In McKinsey's latest Global Survey assessing the impact of societal issues, ethical standards for advertising and marketing has decreased in the last 2 years as in issue they feel is likely to gain public and political attention.

Even less believe it will have any impact on shareholder value.

Another couple of points:

1. "blog outreach campaigns" are what companies think they need in order to have conversations in social media. The smart consultants like you should educate them otherwise.

2. Sorry to pick nits, but how can the channel be ethical. Ethics belong to the people who use it. There are, and always will be, both ethical and unethical uses of just about everything in this world.

Your post is timely though. We're in the process of giving all our employees (we're an "old PR" company) a set of social media principles. I'd be happy to send you a copy if you wish.

Two things have happened that demand these ethics.

1) Companies and, in general, media outlets have violated the public’s trust of their information. The command and control approach to marketing worked to the point that special interests corrupted media outlets.

2) Digital culture is a very fragile one. In general, there is no body language, no tone to hear, no eye to eye communication. Even in “user-generated” video and audio, re-recordings and edits can mask inconsistencies. Authenticity and trust is based on a very generous gift of faith from the consumer – whether that’s in a C2C, B2C or a B2B environment.

So entering social media worlds, companies a) have two strikes against them because no one trusts them and b) must realize the frail nature of relationships within the media form. To succeed, they have to play to the form, which means fostering faith and trust through authentic communications. Those are ethical, honest and transparent touches.

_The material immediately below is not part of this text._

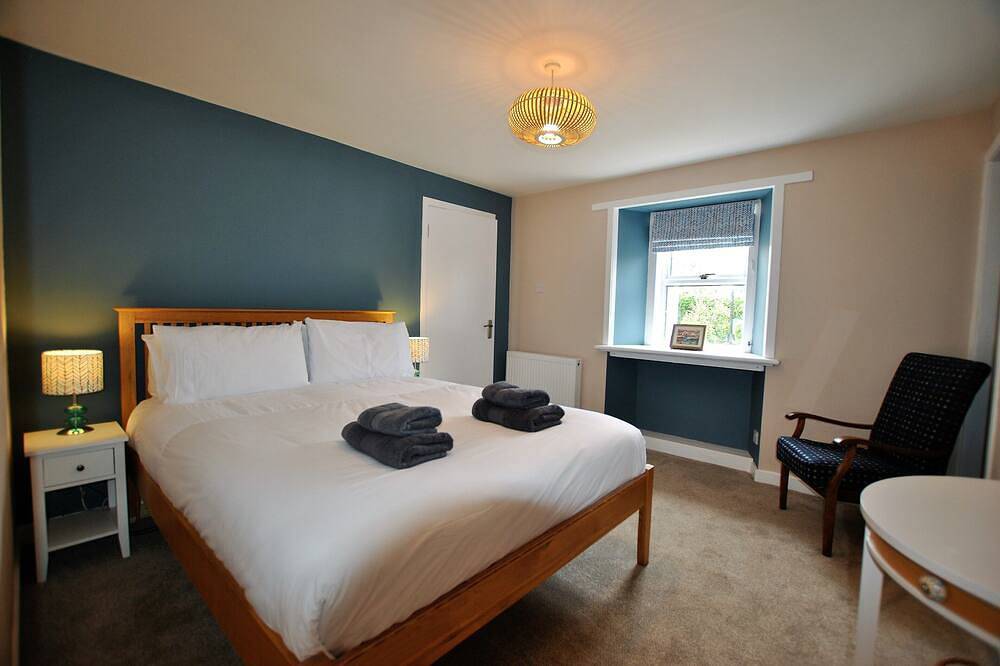 Carpenter's Cottage- coastal stay with garden in Pittenweem, Fife region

Creating trust for some organizations is going to be tough. People's crap detectors are more finely attuned these days than many corporations realize. It also doesn't help when a brand like Apple -- a brand many people seem to trust -- decides to run an ad that perpetuates the "slick, spinmeister" stereotype of the PR craft.

Regarding the reference to Shaw, such a quote about ethics may have been attributed to him. But you might be thinking of one from Dwight Moody: Character is what you are in the dark (or "when no one's looking," as I thought I'd heard it). That one seems appropriate, too.

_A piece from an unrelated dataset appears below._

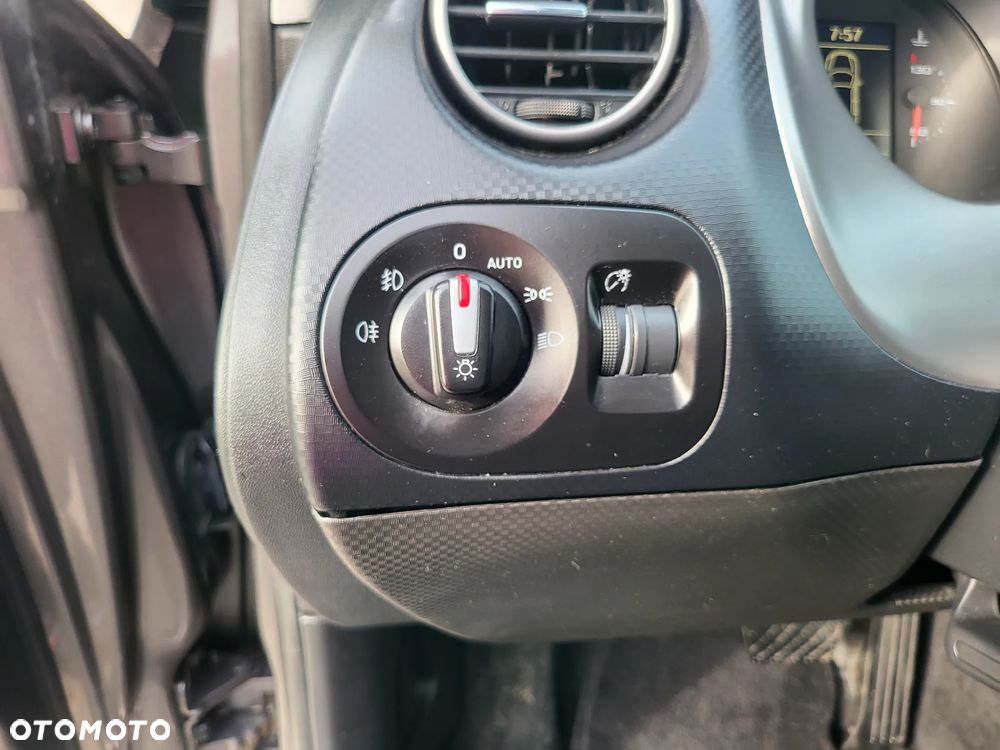 Seat Altea XL 1.6 TDI DPF CR DSG Style Copa - 27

The PR channel was really put there to feed mass media, wasn't it? It was an effective means of communicating your products or services and making sure it got in front of someone who might write about it.

Blogs aren't just the recipient of PR, they are also the producers. When companies put their information out in a timely and transparent manner, the word is out. If mass media isn't paying attention to the blog (there's evidence that they are 'borrowing' from blogs here in Indianapolis), they are still depending on PR.

I'm not opposed to PR since mass media still has a good percentage of attention (I just got done reading an NYT article on swarming). However, I think the transition to blogging and transparently putting information out there for people who are interested will eventually push PR out of the spotlight.

I think that the problem with PR is that it has been equated with media relations rather than customer service. Some have just translated this over into social media and now the journalists are bloggers, but with the same approach.

Back to the old school...I remember when I was new in PR and called on a fellow PR pro to handle a situation that had bubbled up at the national level (my purview) and needed to be handled at the state level (her purview) and she said, "We don't deal with customers directly."

Say what?

Now that social media demands that we do deal with people directly, the goal has become "Let's fake them out?"

I am really not surprised since only a few public relations professionals see themselves as a conduit to the stakeholders or communities that care about the company and its leadership.

I always saw that, and so social media just seemed to me to finally be the tool that would make that possible.

And guess what, it has for many of my clients.

But human nature will always seek to exploit things that work. Sigh!